En pleno y comprometido alboroto internacional, con la seguridad cuestionada en cualquier lugar del mundo, con recientes y dolorosos asesinatos masivos en Túnez, Malí y París, Bergoglio tiene sin embargo la valentía suficiente como para viajar a África a desempeñar su labor.
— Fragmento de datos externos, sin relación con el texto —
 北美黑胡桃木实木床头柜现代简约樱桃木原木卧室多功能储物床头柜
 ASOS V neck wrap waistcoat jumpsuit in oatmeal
Muchos periodistas ni siquiera le siguen para realizar la suya.
El valor es un gran arma: sorprende a quienes empuñan las de fuego, y desmonta los argumentos enfermizos de quienes utilizan la violencia para aterrorizar a los ciudadanos.
Pero Francisco no siente miedo, al menos no lo tiene de las crueles milicias somalíes de Al Shabab, que en abril mataron a 150 personas en Kenia; le preocupan más los mosquitos keniatas.
Mientras el mundo bombardea Siria e Irak en su encarnizada lucha contra el Estado Islámico, en una cruzada que ya cuenta más de 200.000 muertos y 4 millones de desplazados, con numerosos atacantes, cada uno con su razón y la mayoría con escaso compromiso entre sí, tal vez lo peor que le pueda pasar a uno es reconocerse sirio y verse obligado a escoger entre morir por culpa de los enemigos del Estado Islámico o por culpa de los enemigos de Bashar al Asad.
La única solución sería irse a Europa, incluso caminando, como tantos han hecho, y tener la fortuna de no encontrarte con un muro como el que varios países del este europeo han levantado para, precisamente, evitar que entres en el paraíso, que es lo que representa Europa para cualquiera que viva en Siria.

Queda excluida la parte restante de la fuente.